YOUR GOAL: From the line that contains "Une paire de paysages" to the end of the entries, copy each line exactly, though the pictures stay out.

----------------------------------------

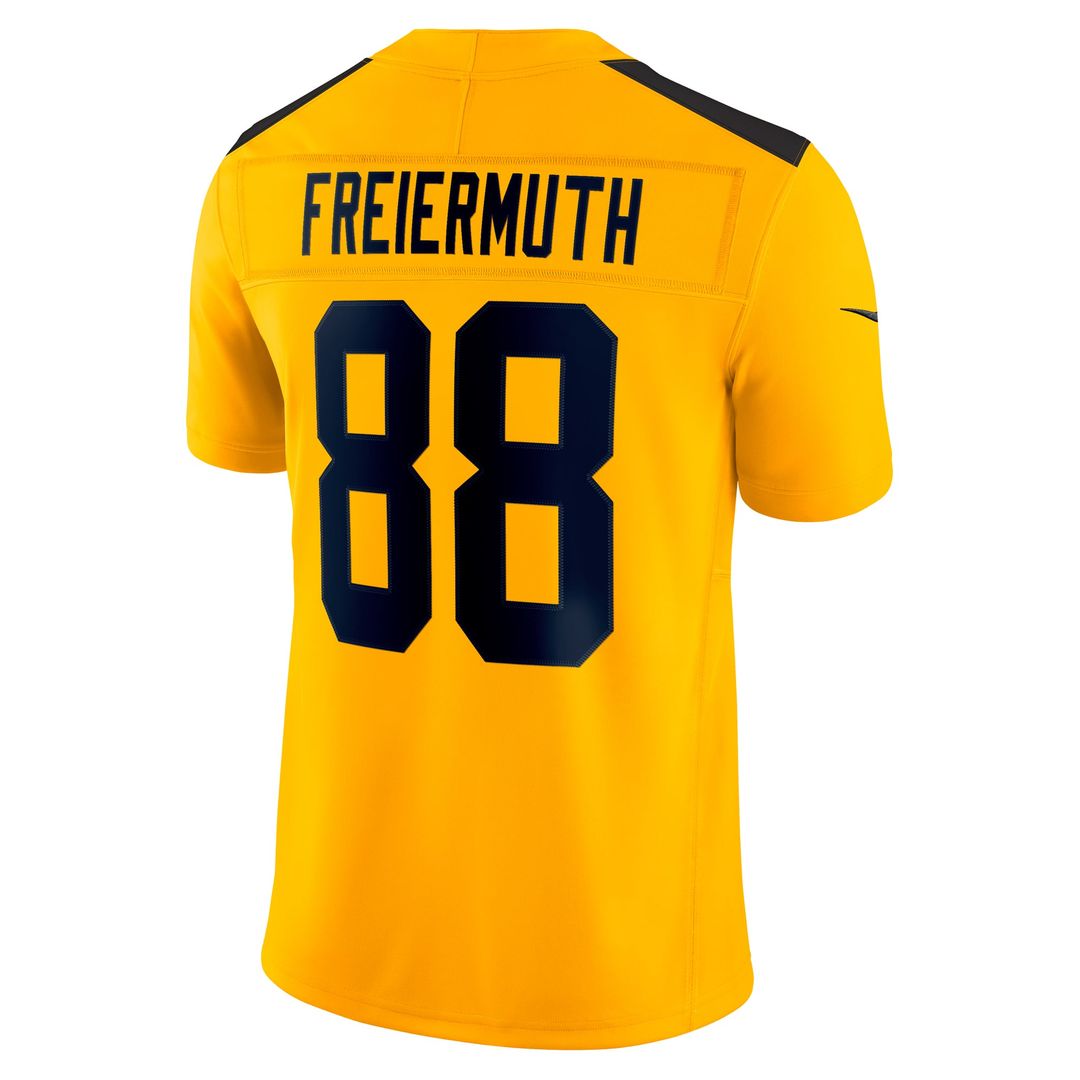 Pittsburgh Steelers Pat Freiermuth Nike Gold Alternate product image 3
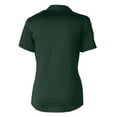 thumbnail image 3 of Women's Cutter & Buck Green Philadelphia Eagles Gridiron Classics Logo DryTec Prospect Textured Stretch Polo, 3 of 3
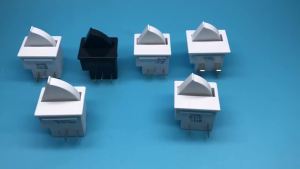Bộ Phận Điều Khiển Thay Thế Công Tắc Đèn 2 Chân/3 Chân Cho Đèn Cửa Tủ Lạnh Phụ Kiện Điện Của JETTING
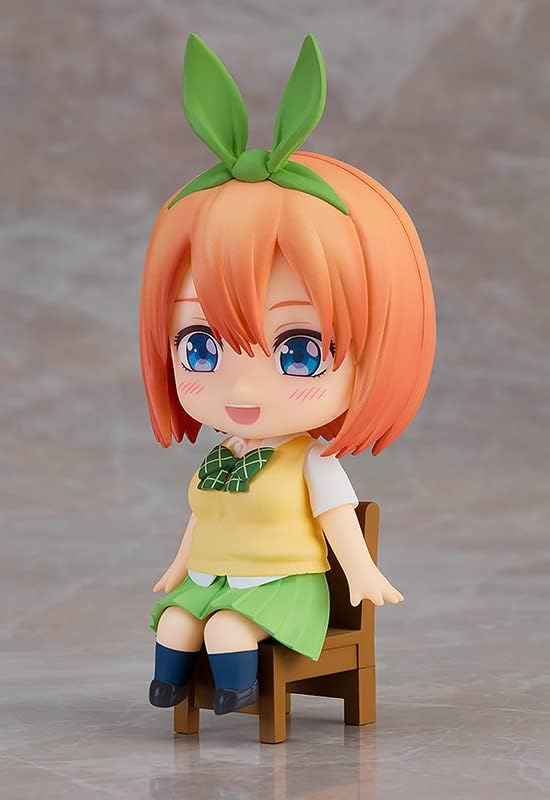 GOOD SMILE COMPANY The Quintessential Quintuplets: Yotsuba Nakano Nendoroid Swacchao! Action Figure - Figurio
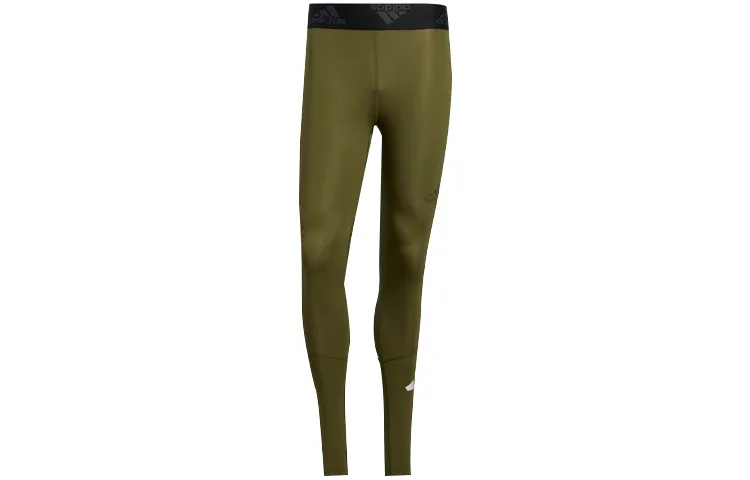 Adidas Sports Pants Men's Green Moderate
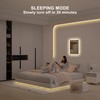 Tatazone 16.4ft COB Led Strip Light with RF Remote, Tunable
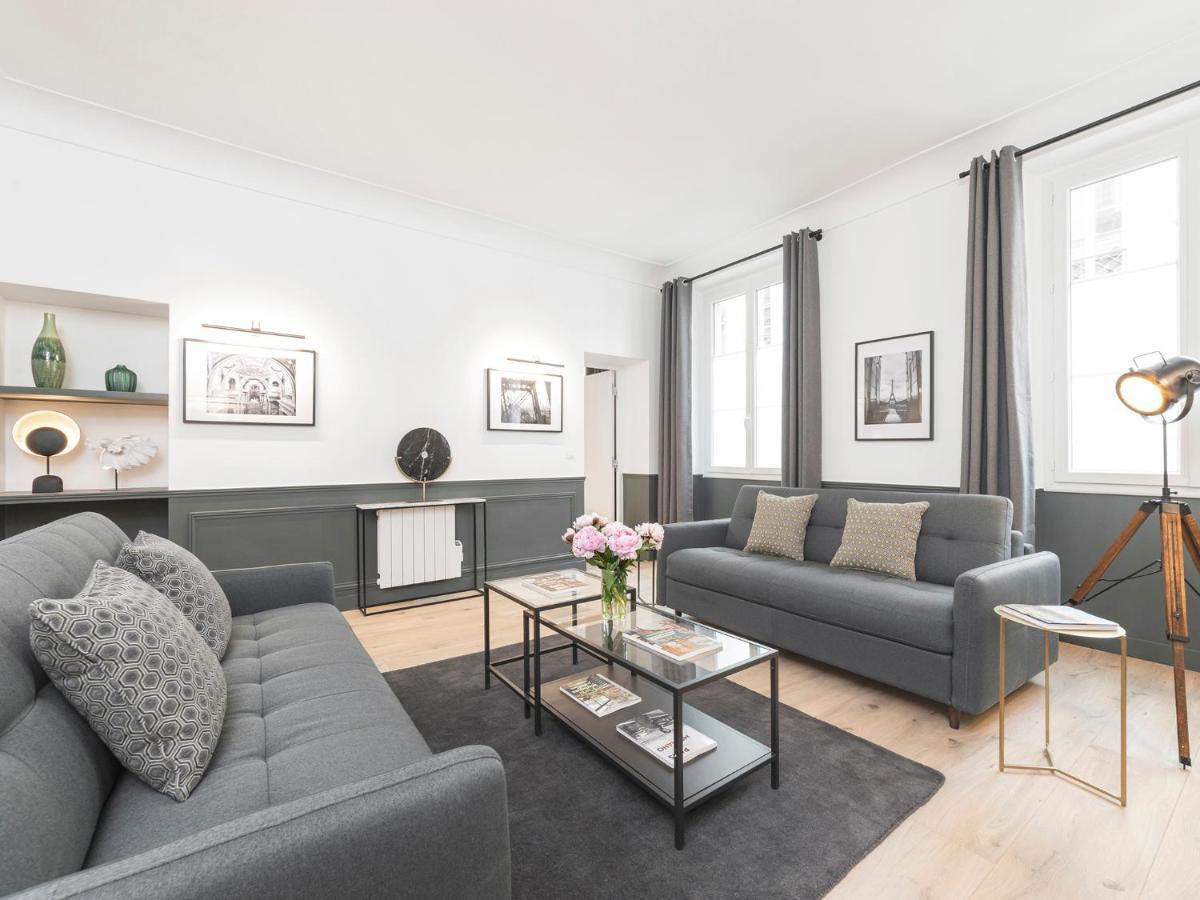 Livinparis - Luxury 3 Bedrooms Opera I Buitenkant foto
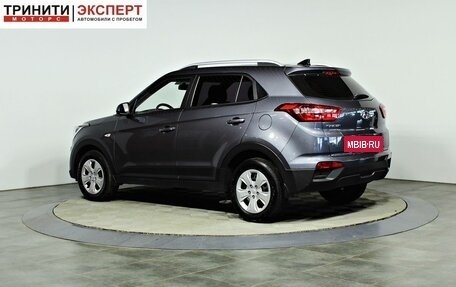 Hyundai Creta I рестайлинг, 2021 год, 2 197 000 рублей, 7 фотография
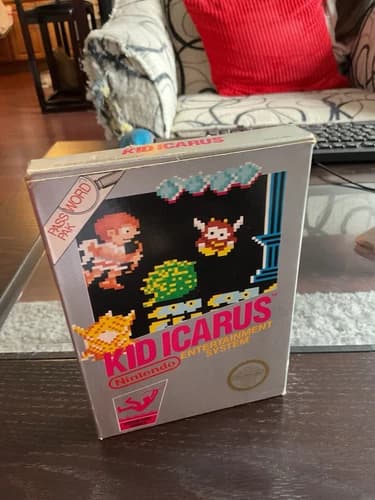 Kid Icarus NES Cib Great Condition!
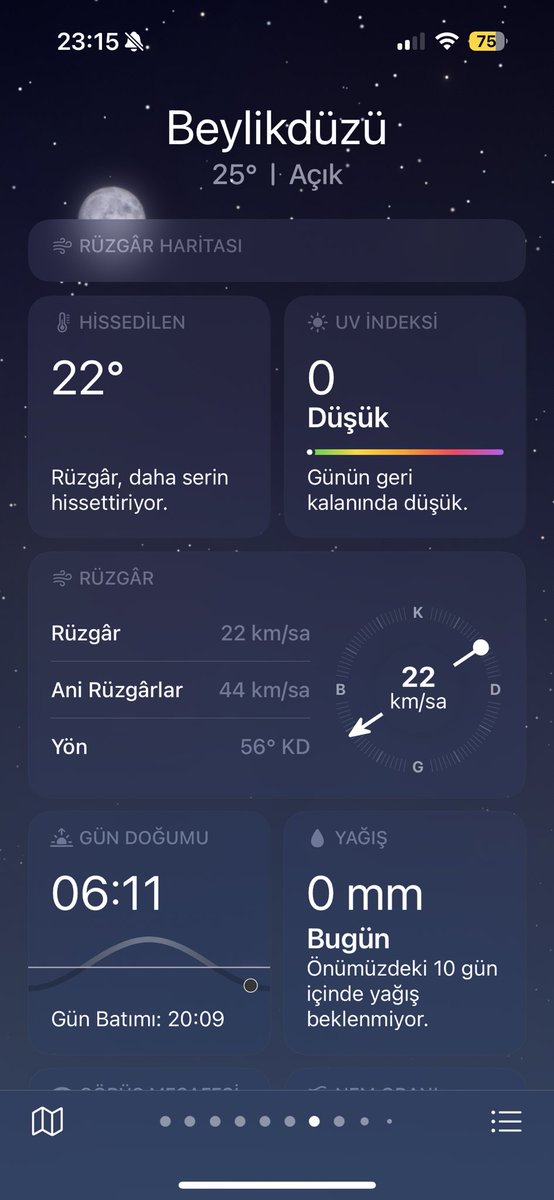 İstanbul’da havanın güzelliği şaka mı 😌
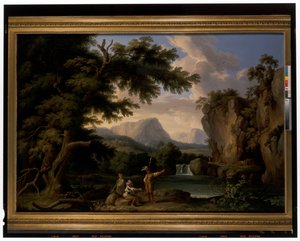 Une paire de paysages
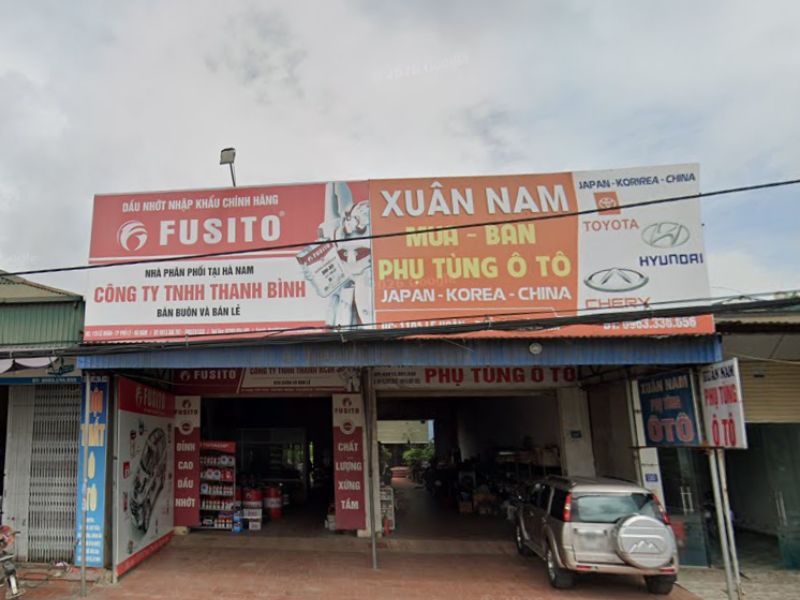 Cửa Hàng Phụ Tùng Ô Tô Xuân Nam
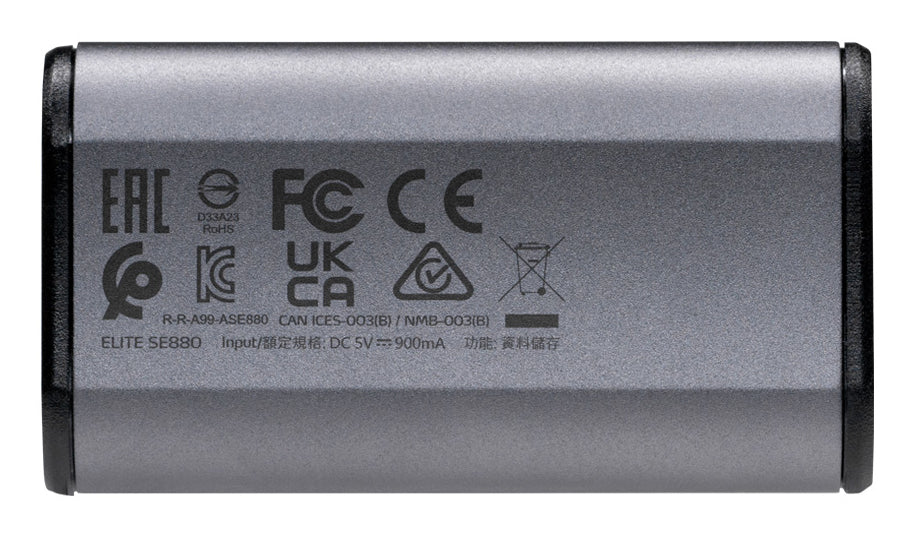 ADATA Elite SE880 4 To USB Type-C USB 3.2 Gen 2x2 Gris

----------------------------------------

SOLUTION TO THE EXERCISE:
 Une paire de paysages
 Cửa Hàng Phụ Tùng Ô Tô Xuân Nam
 ADATA Elite SE880 4 To USB Type-C USB 3.2 Gen 2x2 Gris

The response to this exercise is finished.